# EXERCISE DETAILS
Among the following entries, say how many lines contain the word "style"; the answer is a number and nothing else.

*** AVAILABLE DATA Section Begins ***

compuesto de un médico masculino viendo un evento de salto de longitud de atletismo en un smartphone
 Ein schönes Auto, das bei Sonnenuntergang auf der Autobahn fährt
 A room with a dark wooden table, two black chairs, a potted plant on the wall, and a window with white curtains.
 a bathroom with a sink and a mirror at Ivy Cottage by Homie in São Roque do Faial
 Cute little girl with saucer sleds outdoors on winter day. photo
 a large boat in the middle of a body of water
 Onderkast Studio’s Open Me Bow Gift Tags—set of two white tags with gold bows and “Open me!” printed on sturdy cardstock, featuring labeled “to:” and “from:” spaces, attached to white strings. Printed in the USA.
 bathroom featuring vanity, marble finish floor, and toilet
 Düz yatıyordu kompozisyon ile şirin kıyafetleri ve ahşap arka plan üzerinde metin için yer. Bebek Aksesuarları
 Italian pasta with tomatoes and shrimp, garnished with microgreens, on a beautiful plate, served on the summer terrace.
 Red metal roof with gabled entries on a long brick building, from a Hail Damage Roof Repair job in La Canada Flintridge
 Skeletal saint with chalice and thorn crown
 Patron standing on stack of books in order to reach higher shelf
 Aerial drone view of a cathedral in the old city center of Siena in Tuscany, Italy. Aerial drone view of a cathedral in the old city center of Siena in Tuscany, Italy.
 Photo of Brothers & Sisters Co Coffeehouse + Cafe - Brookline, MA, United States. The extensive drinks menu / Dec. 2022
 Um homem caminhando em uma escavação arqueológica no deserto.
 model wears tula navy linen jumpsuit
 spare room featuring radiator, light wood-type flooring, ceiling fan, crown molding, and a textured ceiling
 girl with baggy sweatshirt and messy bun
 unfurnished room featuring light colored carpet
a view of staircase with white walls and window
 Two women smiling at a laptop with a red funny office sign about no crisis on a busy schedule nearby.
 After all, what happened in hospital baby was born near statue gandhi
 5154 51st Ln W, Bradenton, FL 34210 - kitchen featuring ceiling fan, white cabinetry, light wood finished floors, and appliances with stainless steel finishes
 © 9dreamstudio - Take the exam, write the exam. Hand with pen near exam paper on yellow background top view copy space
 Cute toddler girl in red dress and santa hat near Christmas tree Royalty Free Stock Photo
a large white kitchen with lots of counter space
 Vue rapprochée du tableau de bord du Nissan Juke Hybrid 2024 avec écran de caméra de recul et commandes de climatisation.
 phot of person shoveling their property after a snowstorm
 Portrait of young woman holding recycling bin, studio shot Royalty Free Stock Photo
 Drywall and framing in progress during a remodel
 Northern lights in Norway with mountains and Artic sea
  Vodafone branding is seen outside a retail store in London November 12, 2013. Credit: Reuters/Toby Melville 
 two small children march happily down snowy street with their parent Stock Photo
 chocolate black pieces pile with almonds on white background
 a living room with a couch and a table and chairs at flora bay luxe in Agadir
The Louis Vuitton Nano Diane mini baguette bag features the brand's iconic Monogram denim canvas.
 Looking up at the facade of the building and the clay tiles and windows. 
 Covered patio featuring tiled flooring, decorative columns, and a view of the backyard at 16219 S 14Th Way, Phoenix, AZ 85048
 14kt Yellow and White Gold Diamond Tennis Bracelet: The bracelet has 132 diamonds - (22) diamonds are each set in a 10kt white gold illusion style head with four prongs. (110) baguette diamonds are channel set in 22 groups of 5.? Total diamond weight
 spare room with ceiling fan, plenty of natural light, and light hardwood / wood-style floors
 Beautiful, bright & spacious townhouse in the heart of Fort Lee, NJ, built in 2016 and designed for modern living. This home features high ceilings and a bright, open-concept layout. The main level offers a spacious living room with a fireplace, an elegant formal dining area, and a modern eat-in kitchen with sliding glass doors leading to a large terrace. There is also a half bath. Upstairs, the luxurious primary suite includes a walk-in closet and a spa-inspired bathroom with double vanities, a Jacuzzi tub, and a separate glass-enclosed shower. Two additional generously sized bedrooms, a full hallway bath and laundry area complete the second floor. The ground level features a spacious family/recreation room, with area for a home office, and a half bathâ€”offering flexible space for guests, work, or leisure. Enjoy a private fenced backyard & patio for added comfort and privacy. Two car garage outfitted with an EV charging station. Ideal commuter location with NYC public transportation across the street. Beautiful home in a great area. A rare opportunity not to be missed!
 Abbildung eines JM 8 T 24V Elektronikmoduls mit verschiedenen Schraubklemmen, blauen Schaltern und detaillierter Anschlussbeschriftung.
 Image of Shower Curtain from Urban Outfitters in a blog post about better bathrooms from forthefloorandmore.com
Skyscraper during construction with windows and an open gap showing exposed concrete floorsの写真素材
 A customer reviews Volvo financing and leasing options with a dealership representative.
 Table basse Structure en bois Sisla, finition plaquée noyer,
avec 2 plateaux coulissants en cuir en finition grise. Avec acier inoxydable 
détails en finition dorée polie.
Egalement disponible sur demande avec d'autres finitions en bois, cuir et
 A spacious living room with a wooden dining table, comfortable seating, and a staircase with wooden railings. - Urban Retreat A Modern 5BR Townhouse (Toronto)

*** AVAILABLE DATA Section Ends ***

# ANSWER
2